Are you interested in French ballet? Perhaps you’d like to see a French ballet performance on your next vacation to Paris? Whatever it is, here we’ve provided facts & information that will give you insight into Ballet in France.
Although ballet is often thought of as being a French dance form, its origins actually lie in Italy. Ballet was originally brought to France in the mid 16th Century by Madame Catherine De Medicis, an Italian connoisseur of ballet. The first dramatic ballet performance on record to have been performed in France took place at an aristocratic wedding held in the Royal French Court in 1581. This ballet performance consisted of poetry recitals and music to the accompaniment of the actual ballet dancing.
Early French Ballet
It did not take long for ballet to catch on amongst the circles of Frances elite noble class. The number of performances of French ballet grew with male courtiers being accompanied by female ballet dance troops. The patronage of King Loius XIV, who was reported to have been an avid ballet fan, helped secure the popularity of ballet within the French courts.
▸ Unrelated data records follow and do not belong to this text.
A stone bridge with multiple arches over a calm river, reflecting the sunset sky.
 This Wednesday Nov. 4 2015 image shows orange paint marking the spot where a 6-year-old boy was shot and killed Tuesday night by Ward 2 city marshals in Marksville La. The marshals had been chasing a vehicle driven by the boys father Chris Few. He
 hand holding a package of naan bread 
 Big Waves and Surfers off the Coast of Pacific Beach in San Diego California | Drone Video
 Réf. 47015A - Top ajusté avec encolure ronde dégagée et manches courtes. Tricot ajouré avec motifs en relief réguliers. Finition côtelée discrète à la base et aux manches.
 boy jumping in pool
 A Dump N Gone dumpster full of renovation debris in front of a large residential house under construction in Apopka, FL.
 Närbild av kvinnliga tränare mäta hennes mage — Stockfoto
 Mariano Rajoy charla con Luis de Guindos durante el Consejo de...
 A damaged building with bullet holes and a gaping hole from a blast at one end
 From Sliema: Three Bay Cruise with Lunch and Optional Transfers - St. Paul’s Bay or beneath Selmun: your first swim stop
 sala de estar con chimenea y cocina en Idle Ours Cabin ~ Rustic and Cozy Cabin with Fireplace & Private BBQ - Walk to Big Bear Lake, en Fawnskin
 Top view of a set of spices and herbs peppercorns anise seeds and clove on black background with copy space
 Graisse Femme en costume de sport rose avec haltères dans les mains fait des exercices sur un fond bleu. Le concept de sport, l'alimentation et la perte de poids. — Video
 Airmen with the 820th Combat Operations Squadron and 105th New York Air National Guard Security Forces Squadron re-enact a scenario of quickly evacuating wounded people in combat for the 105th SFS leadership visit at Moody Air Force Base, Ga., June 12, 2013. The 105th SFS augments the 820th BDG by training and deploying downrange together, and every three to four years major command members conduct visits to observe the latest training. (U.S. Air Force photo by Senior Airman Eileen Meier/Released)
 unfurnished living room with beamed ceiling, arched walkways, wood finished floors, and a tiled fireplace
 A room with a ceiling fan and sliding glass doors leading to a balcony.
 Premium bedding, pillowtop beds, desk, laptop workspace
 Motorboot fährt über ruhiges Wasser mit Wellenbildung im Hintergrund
It is reported that the king even danced in many ballet performances staged at the royal palace in Versailles.
17th Century French Ballet
Ballet really began to develop as an independently established art form in France in the 17th century when under royal commission the Royal Dance Academy was founded in 1661. The Royal Academy was to serve as Europe’s capital of ballet for centuries to come setting the standards in the world of ballet.
18th Century Ballet in France
By the end of the 18th Century Ballet in France was as popular as theatre and opera with the upper classes flocking to concert halls in their thousands to watch ballet performances. For the first time ballet choreographers had become household names on a similar par with authors and artists in France.
19th Century French Ballet
Two of the most popular ballets to be written and performed in France were La Sylphied and Giselle. Both of these ballets became hugely popular in Paris and performances were staged nightly for years.
The decline of French ballet, however, started towards the end of the 19th century, coinciding with the rise of the Russian ballet which was destined to overtake it. This situation was exacerbated when the famous French ballet composer Marius Petipa left France for Russia around this time. It was in Russia that that Petipa wrote the great masterpiece of ballet; Swan lake.